- [WHAT THIS TASK INVOLVES] Every entry must be transcribed exactly. Pictures are not part of the copy.

+---+

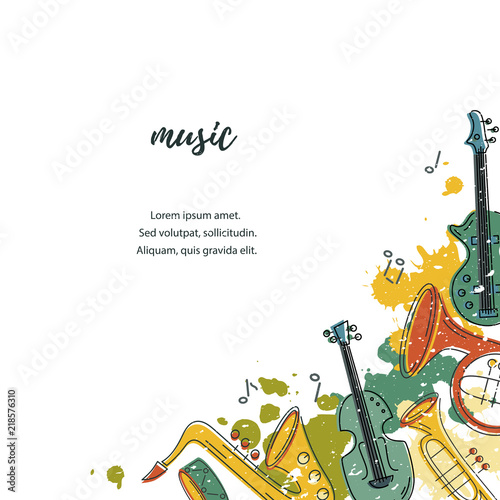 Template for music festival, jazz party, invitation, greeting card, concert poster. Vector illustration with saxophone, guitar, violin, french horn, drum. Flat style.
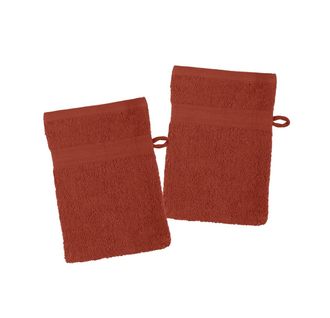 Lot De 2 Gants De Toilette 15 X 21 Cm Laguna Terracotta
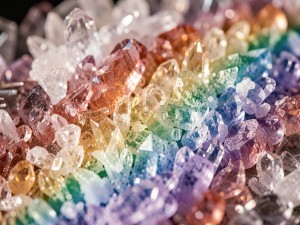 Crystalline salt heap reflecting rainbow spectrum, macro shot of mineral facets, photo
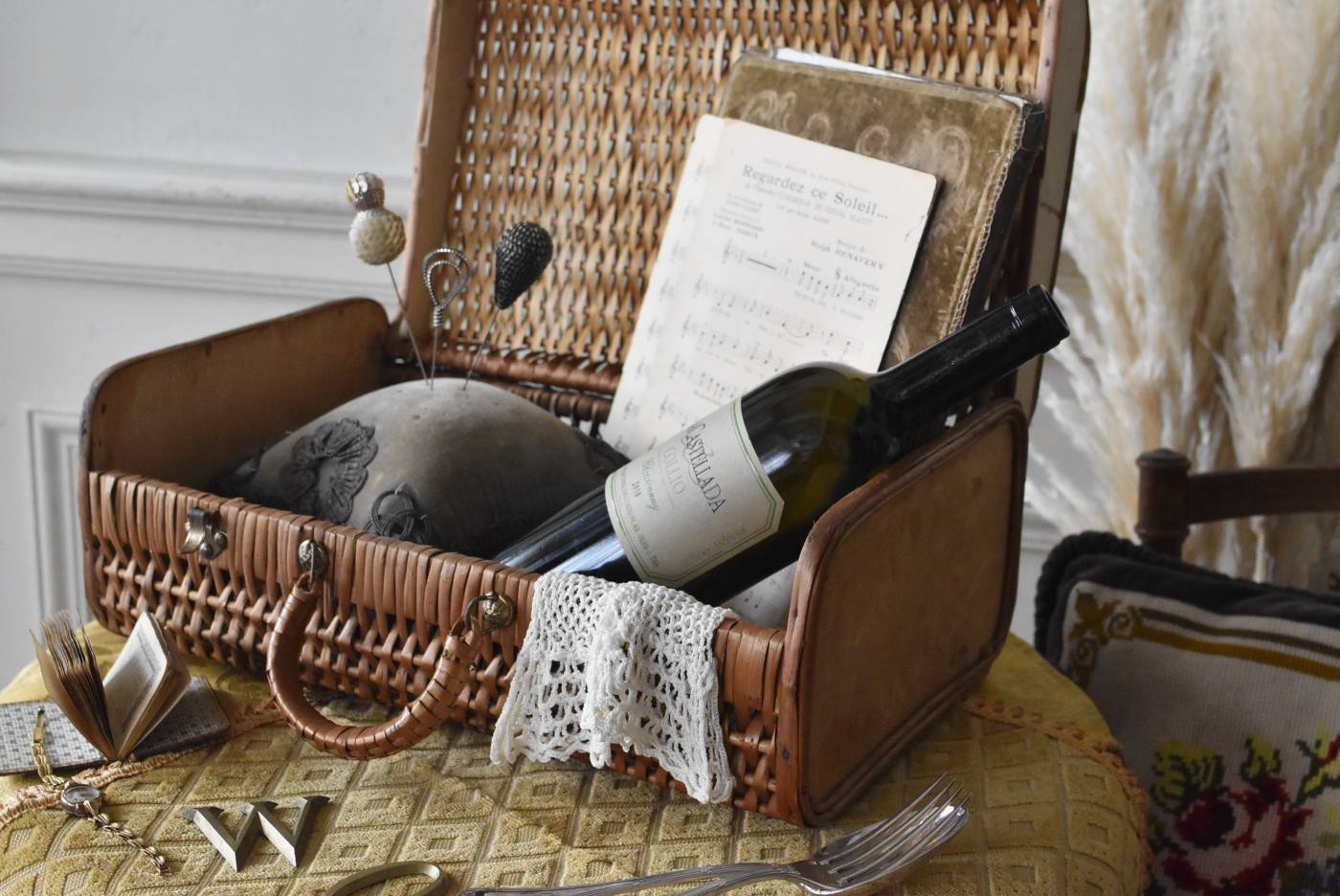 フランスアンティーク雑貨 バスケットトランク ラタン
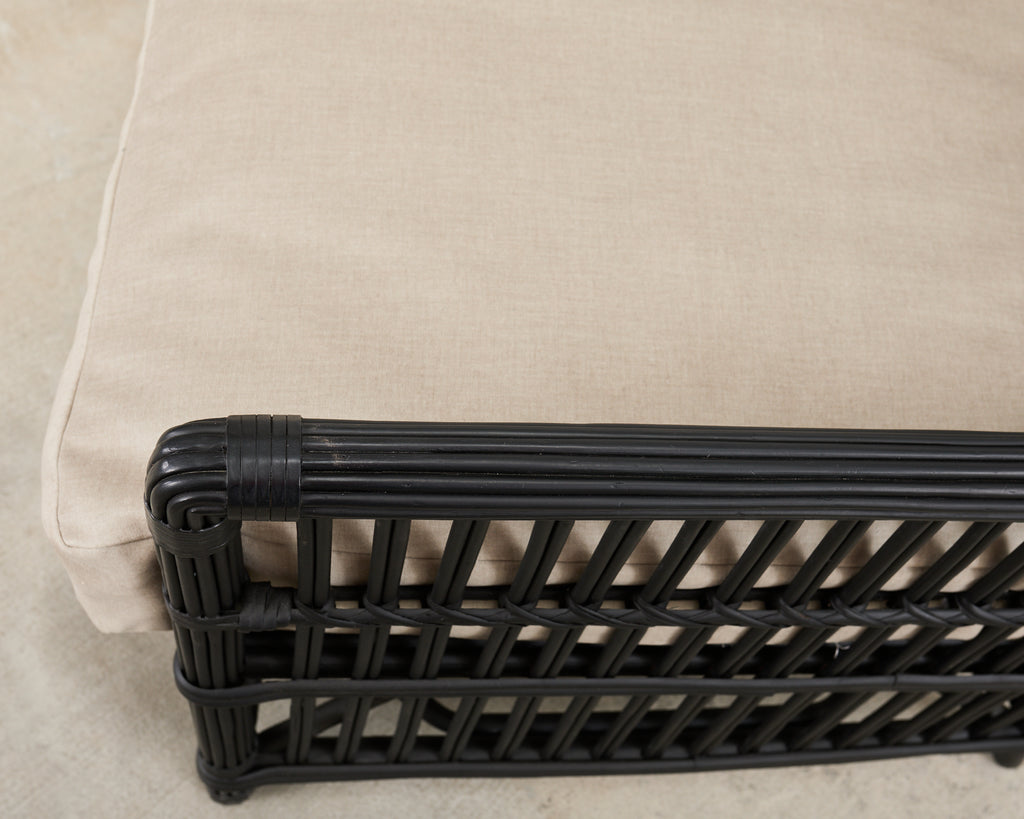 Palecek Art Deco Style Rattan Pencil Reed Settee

+---+

- [TASK SOLUTION]
 Template for music festival, jazz party, invitation, greeting card, concert poster. Vector illustration with saxophone, guitar, violin, french horn, drum. Flat style.
 Lot De 2 Gants De Toilette 15 X 21 Cm Laguna Terracotta
 Crystalline salt heap reflecting rainbow spectrum, macro shot of mineral facets, photo
 フランスアンティーク雑貨 バスケットトランク ラタン
 Palecek Art Deco Style Rattan Pencil Reed Settee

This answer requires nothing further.